19 « Dès le début, relate le procès-verbal, Mlle Smith aperçoit dans le lointain et à une grande hauteur une vive lueur. Puis elle éprouve un balancement qui lui donne au cœur ; après quoi il lui semble que sa tête est vide et qu’elle n’a plus de corps. Elle se trouve dans un brouillard épais, qui passe successivement du bleu au rose vif, au gris, et au noir. Elle flotte, dit-elle ; et la table, appuyée sur un seul pied, se met à exprimer un mouvement flottant très curieux, comme des spires recommençant constamment le même tour. – Puis elle voit une étoile qui grandit, grandit toujours, et devient “plus grande que notre maison”. Hélène sent qu’elle monte. – Puis la table donne par épellation : Lemaître, ce que tu désirais tant ! – Mlle Smith, qui était mal à l’aise, se trouve mieux ; elle distingue trois énormes globes dont un très beau. Sur quoi est-ce que je marche ? demanda-t-elle. Et la table de répondre : “sur une terre, Mars.”  [1]
[1]Des Indes à la planète Mars, p. 137-138. »

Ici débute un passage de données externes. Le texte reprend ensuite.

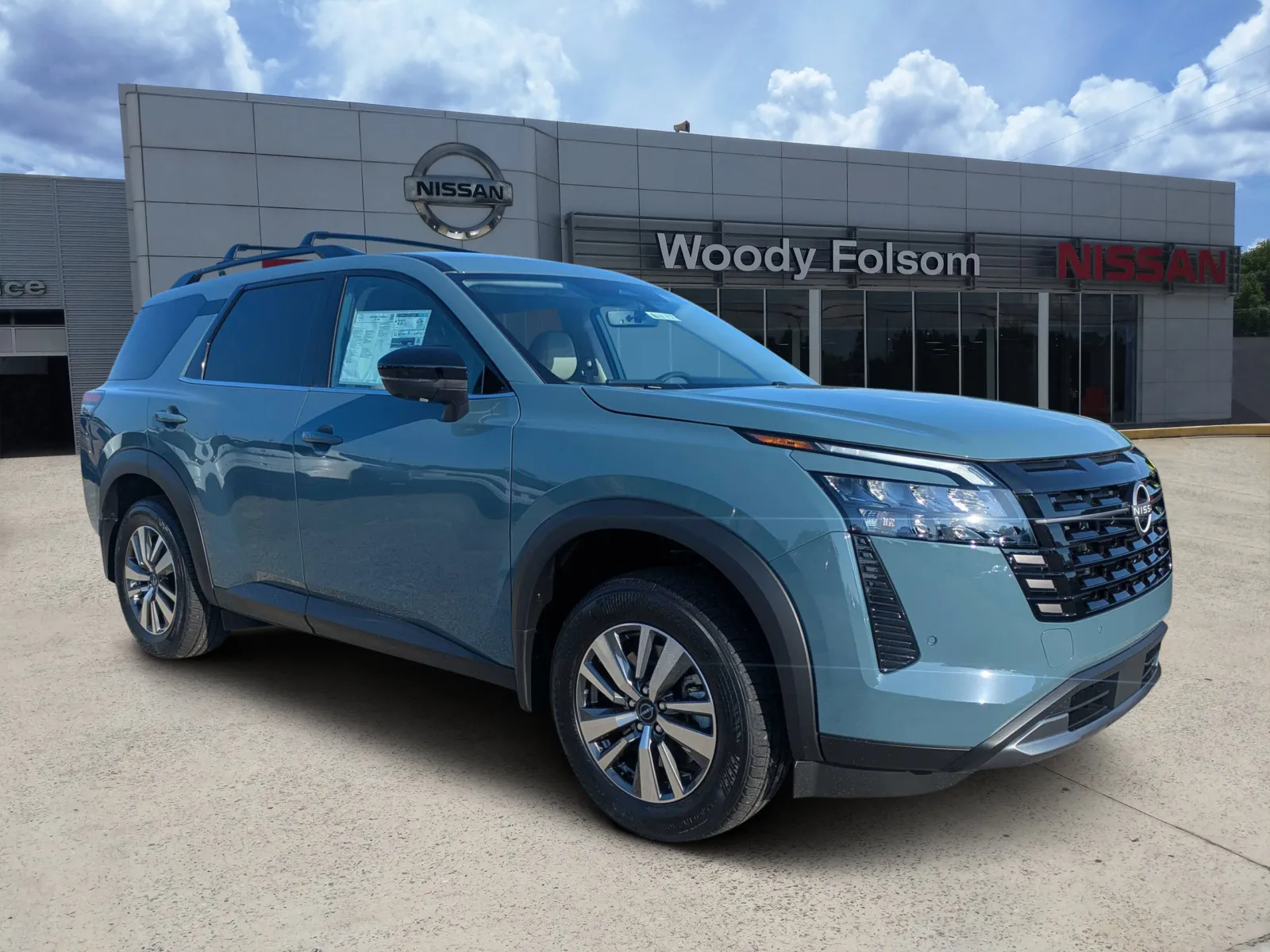 2026 Nissan Pathfinder SL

20 La langue martienne débute à la séance suivante du 2 février 1896 qui dure une heure et demie. D’abord, c’est un baragouinage comme dans un jeu d’enfant. Le « vrai martien » naît pour répondre au désir manifeste des assistants d’obtenir l’équivalence précise de quelques mots martiens isolés. Il faudra un temps d’incubation d’une demi année pour fabriquer une langue. Un an et demi plus tard viendra l’écriture martienne, et ensuite les peintures martiennes. « Hélène dessine et peint avec une facilité frisant l’automatisme » écrit Flournoy.

21 Le personnage central du cycle martien est Esenale ; c’est l’esprit du fils de Mme Mirbel présente à la deuxième séance martienne ; Alexis Mirbel, élève du Pr. Lemaître, est mort récemment à l’âge de 17ans. Esenale est une sorte d’anagramme d’Alexis, avec une inversion syllabique. Selon le Pr. Henry, la finale–xis, rare en français viendrait du magyar « csacsi » qui a une consonance proche, surtout prononcé à la française. Or « csacsi » signifie « âne », espèce de diminutif tendre qu’on donne aux enfants. Le mot a pu jaillir des lèvres du père d’Hélène. L’image verbale hongroise rappelle son associée allemande « Esel » (âne) et lui cède la place. Cela donne Esel-âne dont la métathèse exacte est Esenale. Cette démonstration donne une idée du travail de ces linguistes sur la langue produite par Hélène.

22 Esenale a eu une deuxième existence incarnée sur Mars et à nouveau il est désincarné, ce qui lui permet de présider aux séances martiennes comme traducteur connaissant à la fois le français et le martien. Esenale apparaît et disparaît brusquement pendant les séances. Flournoy pense que le martien est créé par incubation subconsciente et délivré par séquences.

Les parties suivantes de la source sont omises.